** Data for analysis **
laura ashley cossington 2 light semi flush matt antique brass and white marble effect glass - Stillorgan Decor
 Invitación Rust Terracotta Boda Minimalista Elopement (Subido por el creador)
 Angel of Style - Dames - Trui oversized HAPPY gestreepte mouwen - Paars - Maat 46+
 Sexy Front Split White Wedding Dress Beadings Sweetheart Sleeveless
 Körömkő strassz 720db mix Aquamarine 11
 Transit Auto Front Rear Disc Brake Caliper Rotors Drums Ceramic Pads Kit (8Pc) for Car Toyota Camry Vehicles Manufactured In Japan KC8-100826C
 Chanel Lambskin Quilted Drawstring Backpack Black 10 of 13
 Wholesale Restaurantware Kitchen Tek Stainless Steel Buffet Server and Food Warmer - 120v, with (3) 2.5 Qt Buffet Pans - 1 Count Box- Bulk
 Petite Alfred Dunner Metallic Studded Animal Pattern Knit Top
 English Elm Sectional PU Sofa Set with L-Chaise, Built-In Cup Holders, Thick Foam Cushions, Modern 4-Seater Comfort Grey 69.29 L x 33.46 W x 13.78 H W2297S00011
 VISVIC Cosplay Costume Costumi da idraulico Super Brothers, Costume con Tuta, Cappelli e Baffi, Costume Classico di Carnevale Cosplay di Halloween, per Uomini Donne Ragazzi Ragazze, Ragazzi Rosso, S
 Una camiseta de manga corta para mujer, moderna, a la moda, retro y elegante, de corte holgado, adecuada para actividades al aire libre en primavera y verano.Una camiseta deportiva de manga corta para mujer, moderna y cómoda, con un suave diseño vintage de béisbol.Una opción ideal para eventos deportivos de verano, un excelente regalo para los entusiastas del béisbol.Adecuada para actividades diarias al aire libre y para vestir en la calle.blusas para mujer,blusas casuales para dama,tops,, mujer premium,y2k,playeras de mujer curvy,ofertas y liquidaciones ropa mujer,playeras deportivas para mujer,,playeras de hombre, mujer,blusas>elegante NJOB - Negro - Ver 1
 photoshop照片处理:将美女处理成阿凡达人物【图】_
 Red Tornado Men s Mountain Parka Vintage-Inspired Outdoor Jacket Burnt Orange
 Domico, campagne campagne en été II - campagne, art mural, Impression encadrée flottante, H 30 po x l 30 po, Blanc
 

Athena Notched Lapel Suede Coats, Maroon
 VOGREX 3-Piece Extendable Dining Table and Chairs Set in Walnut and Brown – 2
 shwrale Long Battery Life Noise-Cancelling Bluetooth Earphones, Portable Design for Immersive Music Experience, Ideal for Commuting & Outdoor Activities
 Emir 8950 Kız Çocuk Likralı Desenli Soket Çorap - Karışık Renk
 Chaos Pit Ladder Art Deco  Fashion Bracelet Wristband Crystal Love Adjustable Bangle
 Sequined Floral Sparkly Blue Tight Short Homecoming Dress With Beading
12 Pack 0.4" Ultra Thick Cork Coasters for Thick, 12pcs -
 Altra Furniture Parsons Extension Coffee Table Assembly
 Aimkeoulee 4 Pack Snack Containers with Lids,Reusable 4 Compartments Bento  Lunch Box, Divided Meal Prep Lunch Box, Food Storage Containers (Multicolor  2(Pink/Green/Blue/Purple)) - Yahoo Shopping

** Action item **
Where the word "Front" shows up in a line of the listing, return that line.

** Task answer **
 Sexy Front Split White Wedding Dress Beadings Sweetheart Sleeveless
 Transit Auto Front Rear Disc Brake Caliper Rotors Drums Ceramic Pads Kit (8Pc) for Car Toyota Camry Vehicles Manufactured In Japan KC8-100826C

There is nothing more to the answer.